▶ WHAT THE EXERCISE ASKS: Print the listing below only from the line that has "Bitsy and Helen" through the line that has "Pizza Fast Food", exactly, and drop any picture.

+++ DATA

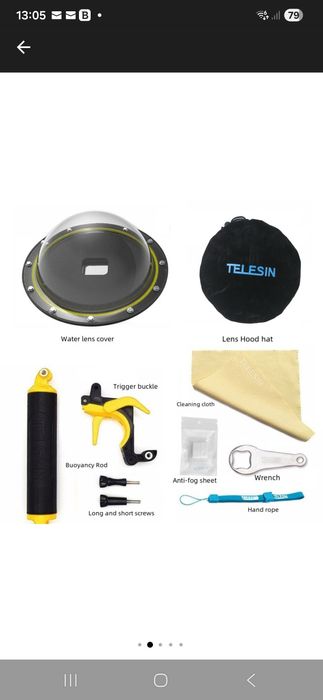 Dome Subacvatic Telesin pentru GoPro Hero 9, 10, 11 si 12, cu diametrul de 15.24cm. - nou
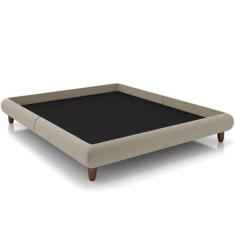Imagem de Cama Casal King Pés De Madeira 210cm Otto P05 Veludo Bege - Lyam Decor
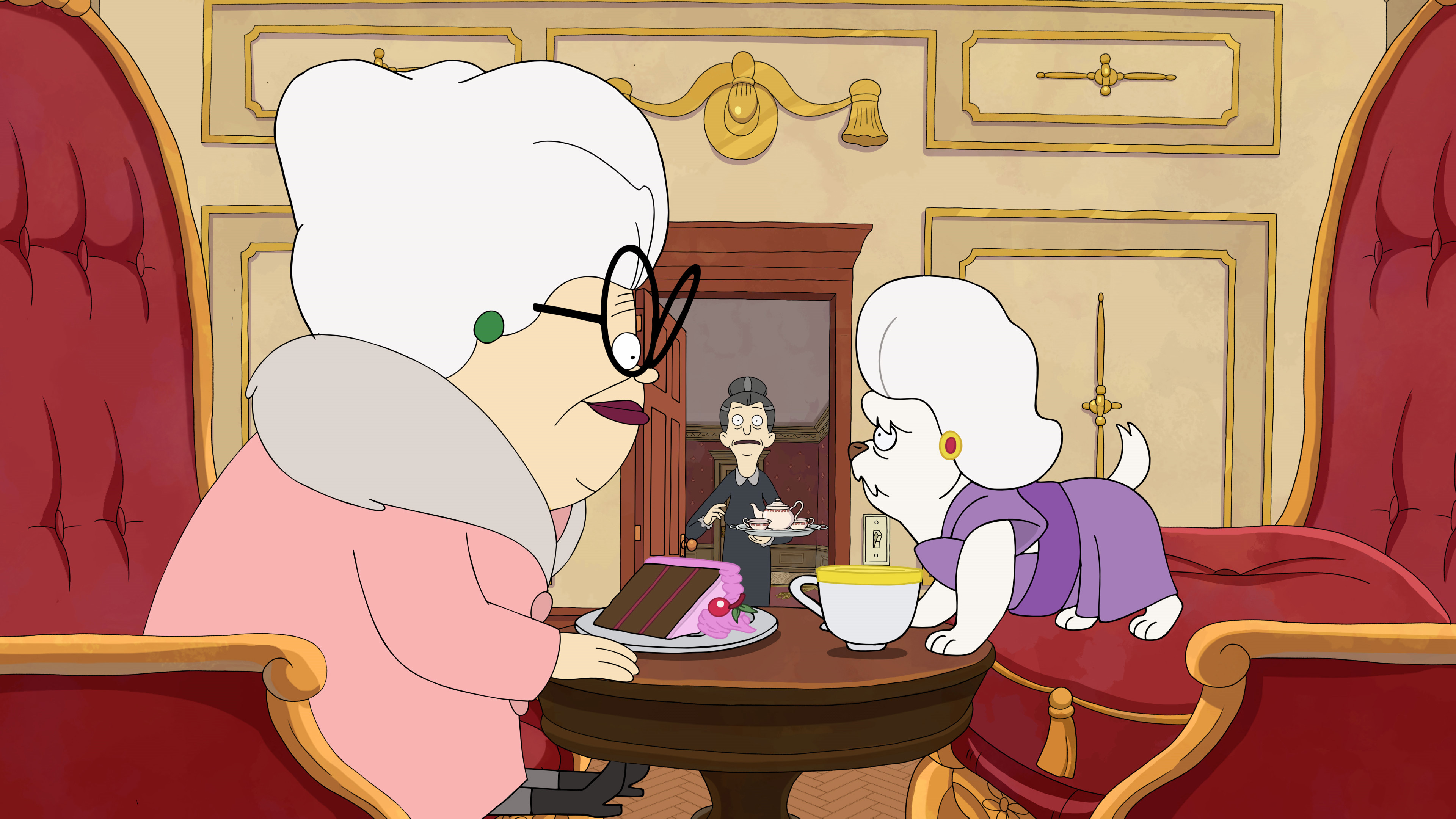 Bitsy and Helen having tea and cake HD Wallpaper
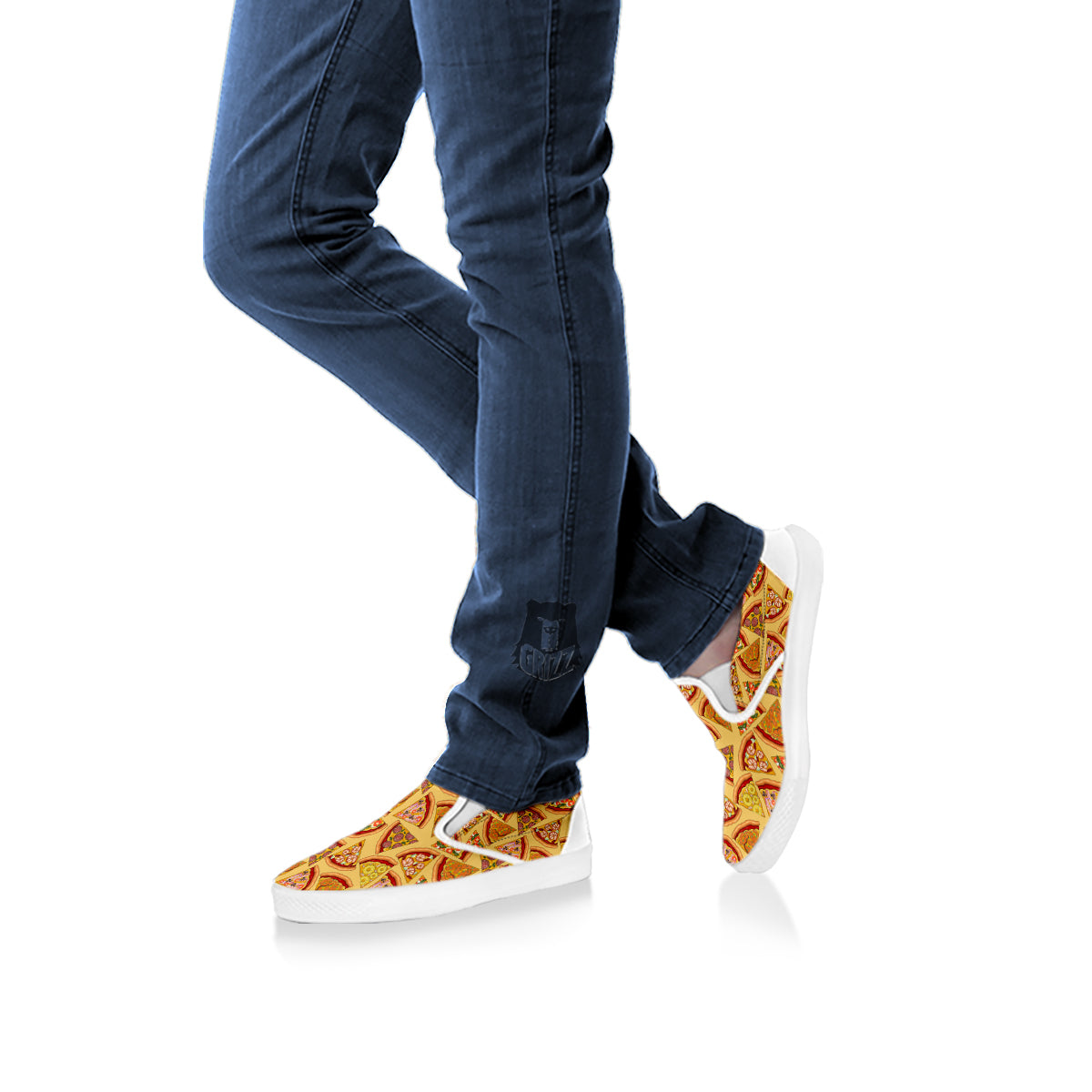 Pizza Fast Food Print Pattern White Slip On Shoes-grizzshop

++++++
+++ DATA

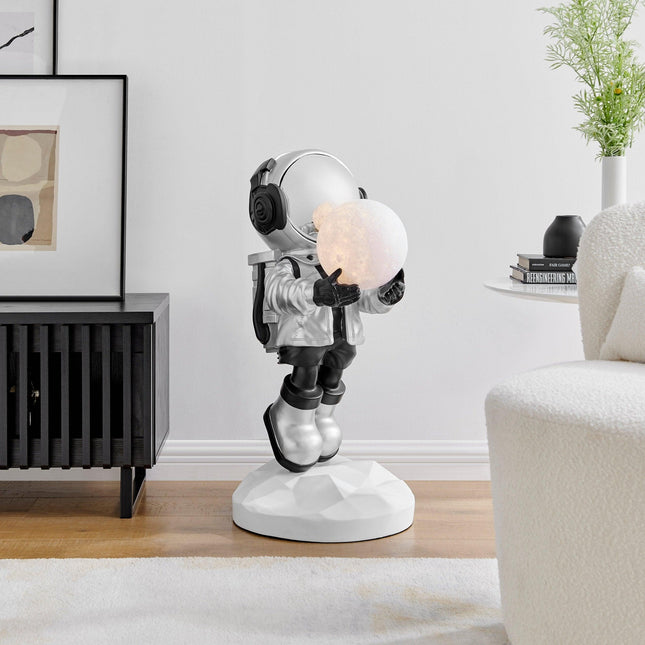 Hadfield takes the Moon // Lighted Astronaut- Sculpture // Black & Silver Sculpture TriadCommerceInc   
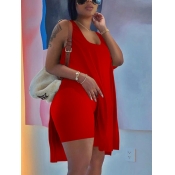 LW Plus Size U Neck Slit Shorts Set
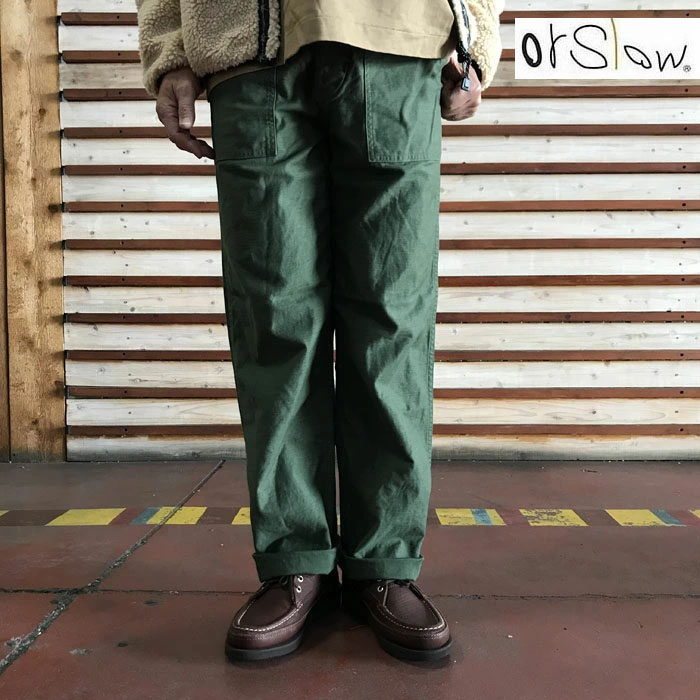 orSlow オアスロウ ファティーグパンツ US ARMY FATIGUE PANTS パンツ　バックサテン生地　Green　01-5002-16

++++++

▶ ANSWER TO THIS TASK:
 Bitsy and Helen having tea and cake HD Wallpaper
 Pizza Fast Food Print Pattern White Slip On Shoes-grizzshop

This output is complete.